Only one man can match Robert Lewandowski for goals so far in this season’s Champions League. Not Cristiano Ronaldo, Mo Salah or Lionel Messi, but West Ham cast-off Sebastien Haller, who has found his feet with Ajax. His nine goals and two assists in five European matches so far leave him at the top of the goalscoring charts, while nine in 14 matches domestically have seen the Amsterdam club soar to the top of a three way battle for the Eredivisie title.
Yet it wasn’t too long ago that Haller was seen as a major disappointment in the Premier League. Even when West Ham only had Michail Antonio as a striker, Haller failed to make an impression at the London Stadium despite being brought in from Eintracht Frankfurt for a club record £45m.
Given the Hammers aren’t used to spending that type of fee on one player, you can see why big things were expected of a man who had hit 20 goals in the Bundesliga for a side that had finished 7th. He was 25 years old, approaching his peak and for many, would take the Premier League by storm just as he had done in Germany.
He left just 18 months later with 10 Premier League goals to his name and West Ham settled for a £25m loss over that time frame, such was the lack of faith they had in the Ivorian. But Haller has continued where he left off on the continent and is now one of the most feared strikers in Europe, once again proving that the grass can be greener outside England’s top flight.
He is far from the only example of this success in Europe for players dubbed as flops in the Premier League.
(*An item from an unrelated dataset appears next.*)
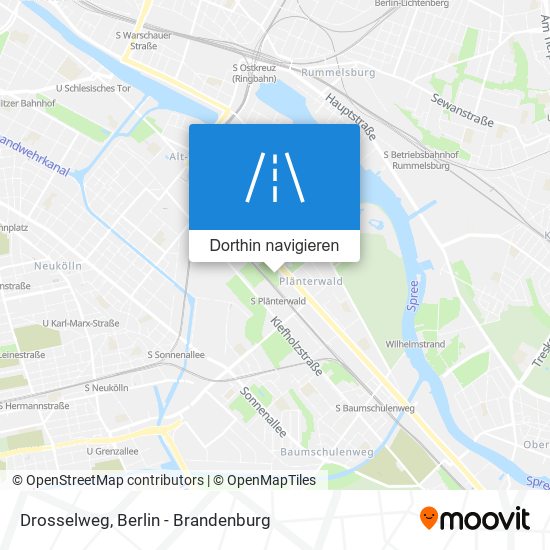 Drosselweg Karte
Manchester United have had their fair share of transfer failings since the departure of Sir Alex Ferguson and two players that were awarded the famous number seven shirt certainly fit the bill.
Angel di Maria joined with huge expectations and a price tag to match from Real Madrid back in 2014 but stayed at Old Trafford for just one season before moving to Paris where he has won four Ligue 1 titles. Although the Champions League still eludes the Argentine, he has certainly rebuilt his reputation in France, having been derided on these shores.
The man who took on the United number seven shirt from Di Maria, Memphis Depay also failed to make the grade at Old Trafford. Like Haller, he only lasted 18 months in England having scored just two league goals before being moved onto Lyon. Once again it was a case of what could have been for the Red Devils, as Memphis proved himself to be one of the finest players in Ligue 1, averaging almost a goal every two games across four seasons, before he got his move to Barcelona.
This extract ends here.